SASKATOON -- Lorraine McSween thought someone had thrown a rock through her triple-paned bedroom window. It turns out it was her new fence, which had been blown three metres into the air by a powerful storm that wreaked havoc on northwestern Saskatchewan early Sunday.

"I got up and ran into the living room and told my husband that someone broke our window," McSween said Sunday, still in awe from what happened. "But two eight-foot panels from our fence, which were cemented in, broke off like twigs, and one came flying into our bedroom window."

McSween, 49, woke up around 1:30 a.m Sunday to shattered glass all over her husband's side of the bed, a small hole in the stucco on the side of their home, her steel dog run bent and twisted and several sections of the fence uprooted and blown across their yard.

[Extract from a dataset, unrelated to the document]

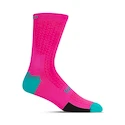 Skarpetki rowerowe Giro HRC  Team Neon Pink/Screaming Teal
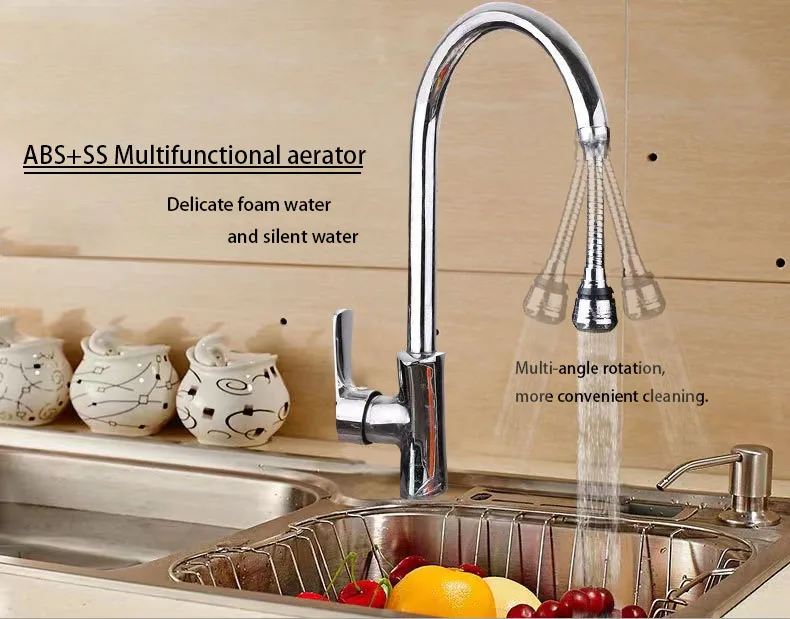 Faucet sprinkler aerator Multi-angle rotation water saving aerator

McSween's home and several other homes in Warman were the victims of a powerful thunderstorm that ripped through the province after just midnight Saturday, leaving behind a trail of damage from just outside Saskatoon all the way to the Spiritwood area, 175 kilometres northwest of the city.

Environment Canada said a powerful downdraft -- a sudden descent of cool air to the ground -- created winds of up to 110 km/h, ripped roofs off of homes, sent golf carts through the air and uprooted and bent trees in some parts of the province. They had several reports of high plow winds and funnel clouds.

"A tornado is a sexier event, but straight-line winds like this can cause quite a bit of damage," said David Wray, a meteorologist with Environment Canada. "It's almost not important if it's a tornado or a straight line wind event like this -- either one can cause lots of damage."

In the Spiritwood area, there were heavy rains, powerful winds, strong lightning and power outages of up to 12 hours reported.